Ordu iyice zayıflamıştır. Silah
ve iaşe temini imkânsız haldedir. Özellikle İngilizler Ortadoğu’da Araplar
üzerinde psikolojik çalışmalar yapmakta ve neredeyse tamamı üzerinde, kendi devletlerinin
kurulması, para ve silah bakımından destekleyecekleri hususunda Arap
aşiretlerine istihbarı çalışmalarını sürdürmektedirler.
İstanbul Hükümeti
Almanlardan yardım ister. Gelen heyet, “Balkan savaşlarındaki
yenilgi, savaşlar sırasında Türkiye’de görevli olan Alman subaylarının da
başarısız oldukları düşüncesini kuvvetlendirdiği için Almanlar yeni bir askeri
yardım istendiğinde bütün Osmanlı Genelkurmayını düzenleyecek, subayları
eğitecek, kimseden emir almayacak bir konumun generallerine sağlanmasını
istemişlerdir.” (X) Sadrazam, Alman subaylarının Türk
askerlerini tanıdığı gerekçesi ile Almanya7dan bir general istemiş ve bu göreve
Tümgeneral Liman von Sanders beş yıllığına, “Türk Ordusunda Reform Komisyonu’nun başkanlığını yapmak üzere karargâhı
İstanbul’da, birlikleri İstanbul ve civarında bulunan 1. Kolordu komutanlığına
ve Yüksek Askeri Şura Üyeliği’ne atanmıştır.” (x) Dikkat, ordunun
tüm işlerinde ve atamalarında yetkili! Bu noktada söylemeliyiz ki, Almanlar
kaşına-gözüne vuruldukları Osmanlıya yardım için değil, görünenin aksine,
Ruslara ve İngilizlere karşı Osmanlı Ordusunu kullanmak istediklerinden, Osmanlı
ile ittifak haline girmişlerdir. Bazı hatıratlarda, Alman subayları, ‘Türk
askerlerinin, cesurluğu, sağlığı, temizliği ve ne görev verilirse yaptığı,
lakin okuma yazma bilmeyen askerlerin ve yabancı dil bilmeyen subayların bu
askeri sevk kabiliyetinin de bulunmadığını yazmışlardır.”

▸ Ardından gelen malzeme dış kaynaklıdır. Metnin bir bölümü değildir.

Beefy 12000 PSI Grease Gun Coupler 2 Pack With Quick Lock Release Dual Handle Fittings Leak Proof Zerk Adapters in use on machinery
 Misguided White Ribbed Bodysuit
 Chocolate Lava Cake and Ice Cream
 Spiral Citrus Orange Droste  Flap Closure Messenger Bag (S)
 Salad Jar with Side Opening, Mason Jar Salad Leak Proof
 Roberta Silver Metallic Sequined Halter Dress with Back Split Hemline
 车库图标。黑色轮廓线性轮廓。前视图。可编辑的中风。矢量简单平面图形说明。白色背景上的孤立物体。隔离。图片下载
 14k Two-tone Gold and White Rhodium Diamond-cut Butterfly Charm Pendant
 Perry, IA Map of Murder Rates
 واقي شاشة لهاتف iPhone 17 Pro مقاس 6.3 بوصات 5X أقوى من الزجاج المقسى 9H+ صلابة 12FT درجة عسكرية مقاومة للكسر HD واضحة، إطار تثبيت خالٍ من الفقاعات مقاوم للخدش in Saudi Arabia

“Türkiye’deki Alman askeri
heyetinin faaliyetleri, Mondoros Mütarekesi’nin imzalandığı tarih itibariyle
mukaveleleri feshedilerek bitirilmiştir. Türk Ordusunda kurmay başkanlık
görevinden, ordular grubu ve ordu komutanlığına kadar çeşitli derecelerde aktif
ve Alman siyasi askeri ve ekonomik çıkarlarını en üst düzeyde gerçekleştirmek
üzere faaliyet gösteren heyetin alınan sonuçtan da o oranda sorumlu olduğu son
kurmay başkanı General von Seeckt’in ifadesiyle sabit olmalıdır; ‘ Genel Kurmay
Başkanı olarak çöküşte suç ortağının bir Mehmet ya da Mustafa olmasını, ama
General von Seeckt olmamasını ne kadar isterdim. Fakat bunlar bizim askeri
bencilliğimizin bedelidir.’”
Bu arada Ruslar, Kars’ı
almışlardır. Kafkas savaşları ve nihayet Sarıkamış bozgunları peş peşe
gelmiştir. Enver Paşa’yı “Kafkasya’yı alarak Orta Asya Türk dünyası
ile doğrudan temasa geçmek ve hatta Hindistan’a kadar ilerlemek gibi stratejik
ancak devletin imkanlarına nispetle hayalci düşüncelerle boğazlar ve Trakya’da
tutulması gereken kuvvetlerin bir kısmı bu cepheye kaydırılmıştır.” (X) Bu planın gerçekleşmesinde ise Alman
subayları ve Liman Paşa etkili olmuştur.
Mısır İngilizlerin eline
geçmiştir. Mısır’ı geri almak planı almanların yaptığı bir plandır. Almanların
amacı “İngiltere’yi Orta Doğu’da Osmanlı ile uğraştırarak etkisini
azaltmaktır!”. (X)
150 Bin kişilik ordusuna
karşılık, Şubat 1915’de Cemal paşa komutasında 35 Bin kişilik bir ordu sevk
edilmiş, yanlarında bütün savaş malzemeleriyle Bir haftada çölü geçmişlerse de,
Kanal’a vardıkları gün saldırılmış ve yazık ki, Kanal’ı ancak 600 asker
geçebilmiştir. Sonra da şehit edilmişlerdir. Açlık ve sefalet içinde güçsüz
kalan askerin savaş kabiliyeti yitirilmiştir. Temmuz 1916’da yeniden kanal
üzerine gidilmişse de, katılan askerlerin ¼’ü yitirilmiştir.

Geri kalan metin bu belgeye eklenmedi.